1. Agronomic Principles & Soil Water Bounds
To simulate realistic crop behavior, every agricultural area calculates its own unique soil water constraints based on its assigned Crop Type and Root Depth:
- Field Capacity (FC): The maximum amount of water the soil profile can hold against gravity. This represents a fully saturated, healthy root zone.
- Permanent Wilting Point (PWP): The soil moisture level at which plants can no longer extract water and will suffer irreversible damage.
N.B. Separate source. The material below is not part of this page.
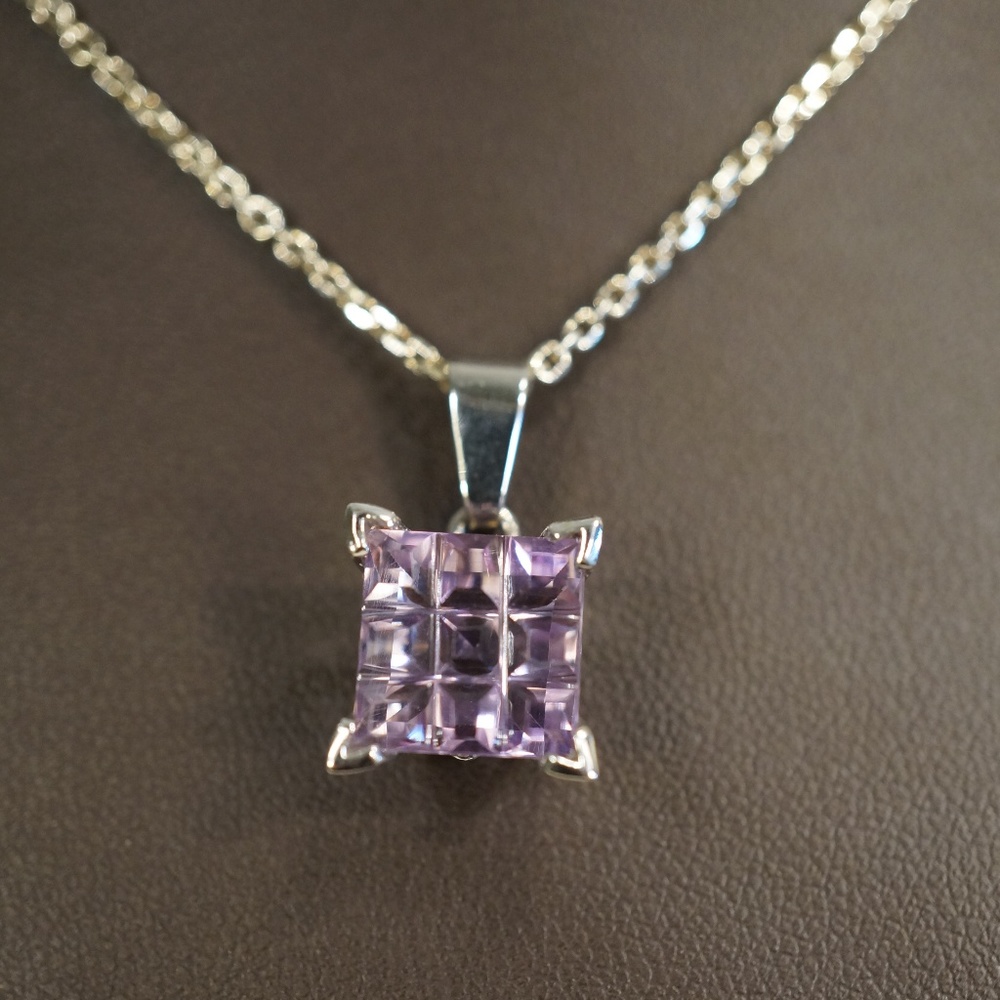 14KW Gold Genuine Amethyst Pendant W/18" Chain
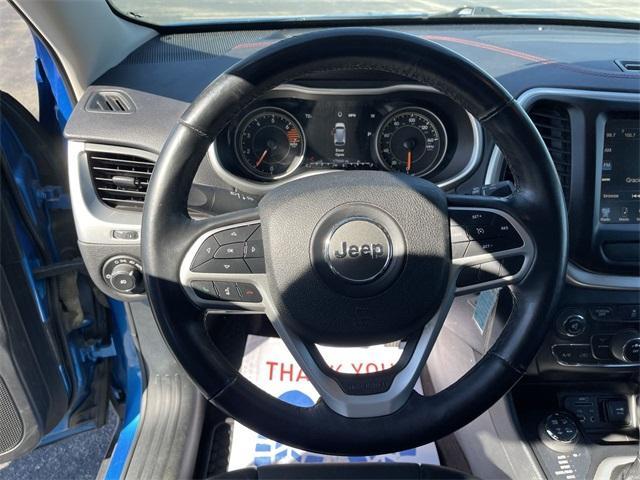 used 2017 Jeep Cherokee car, priced at $8,990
- Total Available Water (TAW): The total volume of water held between Field Capacity and the Permanent Wilting Point (
TAW = FC - PWP). - Management Allowable Depletion (MAD): A crop-specific safety threshold representing the percentage of TAW that can be depleted before yield-damaging stress occurs (e.g., typically
50%for deep-rooted crops like Alfalfa). - Readily Available Water (RAW): The actual volume of water the crop is allowed to consume before irrigation is required (
RAW = TAW * MAD).
2. Initial State Distribution (The Snapshot Mechanic)
A realistic irrigation district does not begin with all fields entirely full, nor does it begin with all fields in a drought. At any given moment, the soil moisture of the various fields across the district is staggered.
To replicate a realistic "Snapshot in Time" at ETime 0, the IAMDD engine utilizes a randomized distribution to initialize each area's starting Soil Water Balance (swb):
- Healthy Bounds: The engine strictly confines the randomized starting moisture to the Readily Available Water (RAW) zone.
- Distribution: Soil moisture is randomly initialized between the MAD Limit (100% of RAW depleted) and Field Capacity (0% of RAW depleted).
- This ensures that no crop is artificially forced into a severe drought state merely to trigger water flow at the start of the simulation.
- The random initial state can be overridden by entering a user defined initial soil water depth in the area properties.
3. Active Irrigation Probabilities at ETime 0
In real-world operations, farmers do not wait until every field hits the exact MAD limit to start the pumps. At any given snapshot in time, several fields are already in the middle of active irrigation cycles.
To ensure realistic hydraulic flow at the very first timestep without relying on drought conditions, the initialization engine evaluates the randomly assigned starting soil moisture for each area:
- If an area's initialized
swbis in the lower 40% of its RAW zone, the model determines that the farmer/system likely triggered the irrigation earlier in the day. - The engine applies a 40% probability that this specific area is
ALREADY_ONat ETime 0. - This probabilistic approach guarantees a realistic initial demand on the canal or pipeline network, allowing the hydraulic solver to immediately calculate flows, pressures, and drawdowns right out of the gate.